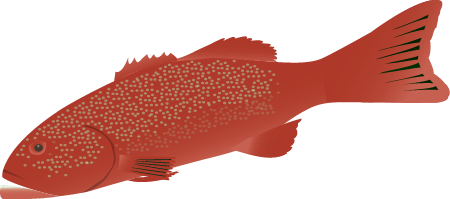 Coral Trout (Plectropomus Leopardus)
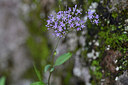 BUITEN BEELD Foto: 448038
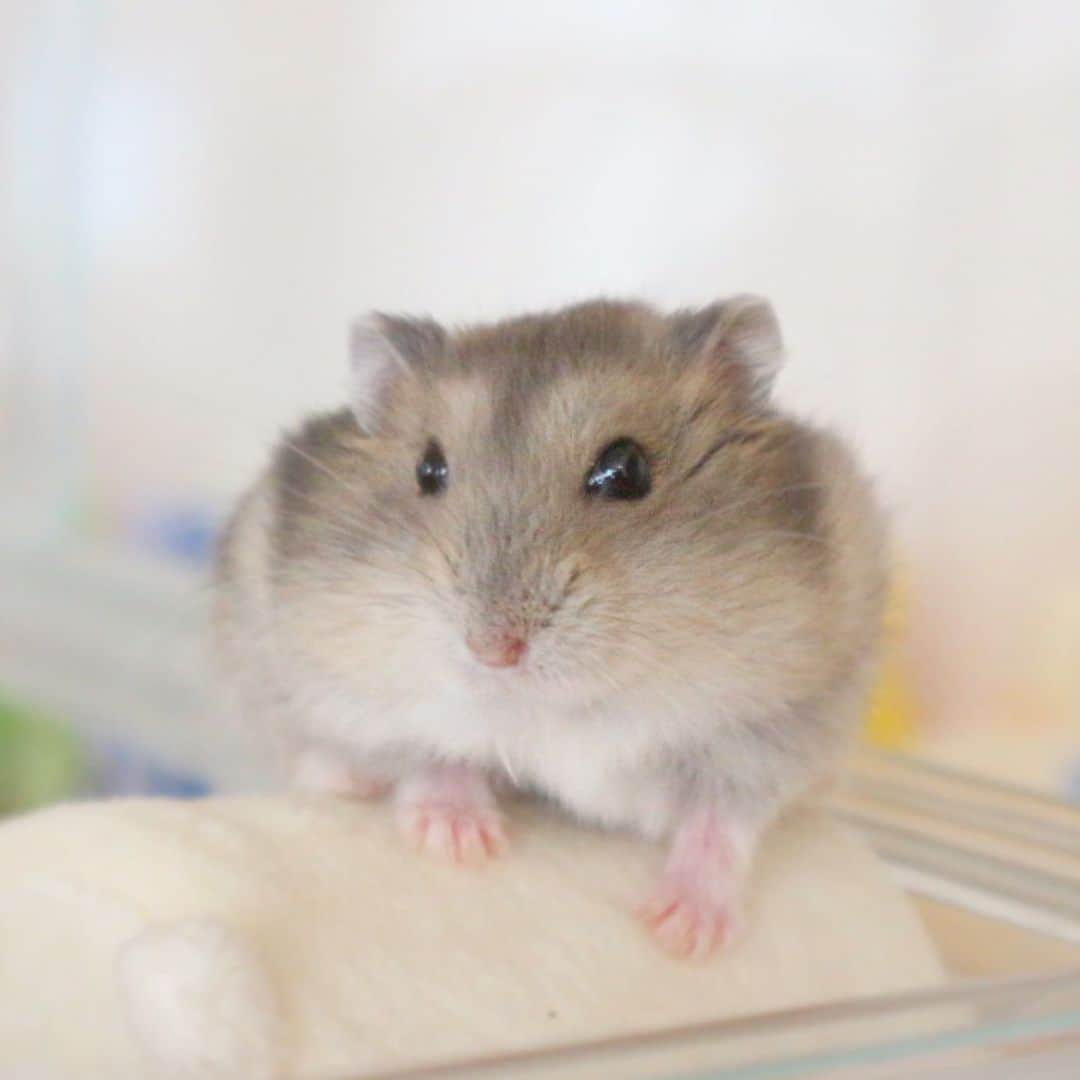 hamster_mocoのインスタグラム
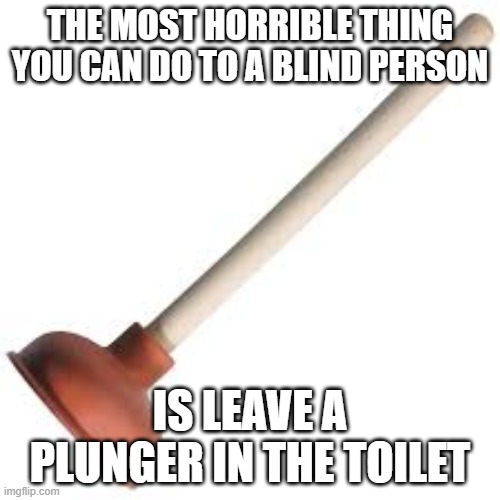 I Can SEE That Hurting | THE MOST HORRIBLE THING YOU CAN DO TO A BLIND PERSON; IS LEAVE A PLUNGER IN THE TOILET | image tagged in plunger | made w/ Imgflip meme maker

* **WORK TO COMPLETE**: Starting with the line that contains "BUITEN BEELD Foto: 448038", reproduce every line down to the end of the listing above, both endpoints included. Pictures stay out.

* **OUTPUT OF THE EXERCISE**:
 BUITEN BEELD Foto: 448038
 hamster_mocoのインスタグラム
 I Can SEE That Hurting | THE MOST HORRIBLE THING YOU CAN DO TO A BLIND PERSON; IS LEAVE A PLUNGER IN THE TOILET | image tagged in plunger | made w/ Imgflip meme maker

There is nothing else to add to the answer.